13. Pour dire établi le délit outrage à personne dépositaire de l'autorité publique et confirmer le jugement, l'arrêt retient que si le prévenu a contesté avoir qualifié les fonctionnaires de police d'« éborgneurs », d'une part, les quatre fonctionnaires ont, cependant, tous été formels sur le terme utilisé par le prévenu, d'autre part, le seul fait que ce terme ne figure pas dans la retranscription de la vidéo n'établit nullement qu'il n'ait pas été prononcé, le discours du prévenu ayant débuté avant le début de l'enregistrement.
14. Les juges ajoutent que la question de la publicité des propos tenus est sans incidence sur la caractérisation de l'infraction.
15. En se déterminant ainsi et sans rechercher en quoi les propos litigieux, s'ils ne leur avaient pas été directement adressés, seraient nécessairement rapportés aux policiers concernés, alors que le délit prévu par l'article 433-5 susvisé n'est constitué que lorsqu'il est établi que l'auteur des propos a voulu que ceux-ci soient rapportés à la personne visée, la cour d'appel n'a pas justifié sa décision.
16. La cassation est également encourue de ce chef, sans qu'il y ait lieu d'examiner les autres griefs proposés.
Portée et conséquences de la cassation
17. La cassation à intervenir ne concerne que les dispositions relatives aux délits de provocation non suivie d'effet à des atteintes à la vie et à l'intégrité de la personne et d'outrage à personne dépositaire de l'autorité publique. Les autres dispositions seront donc maintenues.
18. La cassation aura lieu sans renvoi, s'agissant du premier chef d'annulation, la Cour de cassation étant en mesure d'appliquer directement la règle de droit et de mettre fin au litige, ainsi que le permet l'article L. 411-3 du code de l'organisation judiciaire.

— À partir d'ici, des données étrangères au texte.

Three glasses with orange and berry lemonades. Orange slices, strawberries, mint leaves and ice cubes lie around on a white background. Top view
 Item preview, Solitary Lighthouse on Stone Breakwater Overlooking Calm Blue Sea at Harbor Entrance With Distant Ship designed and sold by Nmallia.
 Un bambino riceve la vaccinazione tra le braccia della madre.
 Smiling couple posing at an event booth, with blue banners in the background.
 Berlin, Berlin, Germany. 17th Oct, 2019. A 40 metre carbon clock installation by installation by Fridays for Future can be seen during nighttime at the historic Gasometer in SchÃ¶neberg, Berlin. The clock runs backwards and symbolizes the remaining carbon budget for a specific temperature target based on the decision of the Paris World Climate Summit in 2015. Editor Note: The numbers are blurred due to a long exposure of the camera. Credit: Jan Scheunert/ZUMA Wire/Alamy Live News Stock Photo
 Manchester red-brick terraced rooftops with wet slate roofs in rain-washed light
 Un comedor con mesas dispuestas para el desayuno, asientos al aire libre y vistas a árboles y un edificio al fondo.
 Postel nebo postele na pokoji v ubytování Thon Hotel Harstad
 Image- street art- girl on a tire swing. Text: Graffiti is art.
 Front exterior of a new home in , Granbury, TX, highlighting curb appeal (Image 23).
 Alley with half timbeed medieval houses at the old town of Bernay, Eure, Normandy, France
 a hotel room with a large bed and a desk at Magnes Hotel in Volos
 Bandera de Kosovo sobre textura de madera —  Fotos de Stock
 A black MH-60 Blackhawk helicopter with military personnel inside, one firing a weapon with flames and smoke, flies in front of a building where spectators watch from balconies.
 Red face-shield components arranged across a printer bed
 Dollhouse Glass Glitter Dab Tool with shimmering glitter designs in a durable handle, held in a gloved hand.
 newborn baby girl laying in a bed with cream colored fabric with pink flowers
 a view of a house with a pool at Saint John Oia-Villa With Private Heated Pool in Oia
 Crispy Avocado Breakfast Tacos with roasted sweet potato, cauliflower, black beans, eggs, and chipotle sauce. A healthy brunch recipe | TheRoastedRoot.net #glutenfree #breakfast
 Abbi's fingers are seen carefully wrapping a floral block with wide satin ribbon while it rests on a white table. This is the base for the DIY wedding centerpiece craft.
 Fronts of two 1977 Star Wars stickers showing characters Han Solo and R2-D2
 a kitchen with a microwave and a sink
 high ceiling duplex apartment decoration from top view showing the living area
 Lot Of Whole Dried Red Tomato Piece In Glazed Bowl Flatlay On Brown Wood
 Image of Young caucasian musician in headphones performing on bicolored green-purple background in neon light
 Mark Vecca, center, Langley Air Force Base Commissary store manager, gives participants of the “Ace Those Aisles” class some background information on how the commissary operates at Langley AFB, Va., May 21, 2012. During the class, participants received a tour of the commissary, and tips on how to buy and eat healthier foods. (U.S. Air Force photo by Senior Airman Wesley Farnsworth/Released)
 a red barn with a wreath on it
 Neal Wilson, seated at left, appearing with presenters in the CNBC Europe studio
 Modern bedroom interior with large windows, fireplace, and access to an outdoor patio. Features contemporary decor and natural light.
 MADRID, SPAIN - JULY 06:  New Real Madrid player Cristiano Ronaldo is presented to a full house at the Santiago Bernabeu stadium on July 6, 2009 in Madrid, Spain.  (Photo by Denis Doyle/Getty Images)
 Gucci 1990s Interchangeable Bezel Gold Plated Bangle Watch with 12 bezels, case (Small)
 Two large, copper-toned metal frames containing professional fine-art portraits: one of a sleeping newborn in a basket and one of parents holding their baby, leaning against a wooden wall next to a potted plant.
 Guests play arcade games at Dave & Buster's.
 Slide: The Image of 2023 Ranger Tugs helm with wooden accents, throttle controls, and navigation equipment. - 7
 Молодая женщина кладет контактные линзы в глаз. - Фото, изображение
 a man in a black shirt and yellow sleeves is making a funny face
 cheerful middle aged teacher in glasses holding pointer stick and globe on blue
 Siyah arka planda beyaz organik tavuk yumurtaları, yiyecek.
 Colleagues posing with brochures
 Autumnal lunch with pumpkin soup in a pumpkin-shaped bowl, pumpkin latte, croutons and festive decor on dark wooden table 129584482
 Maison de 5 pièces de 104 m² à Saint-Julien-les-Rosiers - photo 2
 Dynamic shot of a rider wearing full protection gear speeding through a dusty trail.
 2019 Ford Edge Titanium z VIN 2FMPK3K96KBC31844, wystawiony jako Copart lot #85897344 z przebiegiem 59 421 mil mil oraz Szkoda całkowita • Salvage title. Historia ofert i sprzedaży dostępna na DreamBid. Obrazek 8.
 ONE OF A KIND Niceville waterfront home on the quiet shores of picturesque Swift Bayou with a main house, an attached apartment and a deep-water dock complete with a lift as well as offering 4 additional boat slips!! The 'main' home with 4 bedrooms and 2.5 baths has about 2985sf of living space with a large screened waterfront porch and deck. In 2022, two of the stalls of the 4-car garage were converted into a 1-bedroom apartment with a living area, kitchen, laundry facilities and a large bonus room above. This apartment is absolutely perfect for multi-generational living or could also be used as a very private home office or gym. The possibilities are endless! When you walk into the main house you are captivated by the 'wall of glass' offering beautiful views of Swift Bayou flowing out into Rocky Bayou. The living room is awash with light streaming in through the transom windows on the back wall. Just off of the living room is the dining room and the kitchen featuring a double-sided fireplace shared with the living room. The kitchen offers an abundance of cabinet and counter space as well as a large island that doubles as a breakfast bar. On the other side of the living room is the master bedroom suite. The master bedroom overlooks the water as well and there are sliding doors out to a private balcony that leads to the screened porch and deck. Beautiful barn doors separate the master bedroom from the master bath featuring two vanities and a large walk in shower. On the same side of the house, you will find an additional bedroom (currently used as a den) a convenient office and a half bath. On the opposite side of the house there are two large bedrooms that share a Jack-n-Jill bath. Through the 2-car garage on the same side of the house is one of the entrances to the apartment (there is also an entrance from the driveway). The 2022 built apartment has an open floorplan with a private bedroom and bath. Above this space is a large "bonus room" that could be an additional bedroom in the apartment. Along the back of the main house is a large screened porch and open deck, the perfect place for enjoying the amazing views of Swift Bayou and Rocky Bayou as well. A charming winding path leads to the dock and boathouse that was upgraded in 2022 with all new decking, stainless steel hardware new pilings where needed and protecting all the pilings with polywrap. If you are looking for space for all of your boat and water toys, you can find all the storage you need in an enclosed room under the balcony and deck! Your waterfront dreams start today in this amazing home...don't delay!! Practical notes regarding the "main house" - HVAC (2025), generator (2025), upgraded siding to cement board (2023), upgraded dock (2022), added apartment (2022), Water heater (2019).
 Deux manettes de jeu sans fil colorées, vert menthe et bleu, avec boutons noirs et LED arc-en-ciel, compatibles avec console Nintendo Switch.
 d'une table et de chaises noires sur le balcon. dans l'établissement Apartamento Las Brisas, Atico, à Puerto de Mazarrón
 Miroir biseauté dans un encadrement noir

19. La déclaration de culpabilité des chefs de provocation non suivie d'effet à des atteintes à la vie et à l'intégrité de la personne et d'outrage à personne dépositaire de l'autorité publique encourant la censure, la cassation interviendra sur la peine prononcée en répression de ces deux délits.
PAR CES MOTIFS, la Cour :
CASSE et ANNULE l'arrêt susvisé de la cour d'appel de Montpellier, en date du 9 mars 2023, mais en ses seules dispositions relatives aux délits de provocation non suivie d'effet à des atteintes à la vie et à l'intégrité de la personne et d'outrage à personne dépositaire de l'autorité publique et à la peine prononcée en répression de ces deux délits, toutes autres dispositions étant expressément maintenues ;
DIT n'y avoir lieu à renvoi s'agissant du délit de provocation non suivie d'effet à des atteintes à la vie et à l'intégrité de la personne ;
PRONONCE la nullité des poursuites de ce chef ;
Et pour qu'il soit à nouveau jugé, conformément à la loi, dans les limites de la cassation ainsi prononcée, s'agissant du délit d'outrage à personne dépositaire de l'autorité publique,
RENVOIE la cause et les parties devant la cour d'appel de Montpellier, autrement composée, à ce désignée par délibération spéciale prise en chambre du conseil ;
ORDONNE l'impression du présent arrêt, sa transcription sur les registres du greffe de la cour d'appel de Montpellier et sa mention en marge ou à la suite de l'arrêt partiellement annulé ;
Ainsi fait et jugé par la Cour de cassation, chambre criminelle, et prononcé par le président en son audience publique du vingt-deux octobre deux mille vingt-quatre.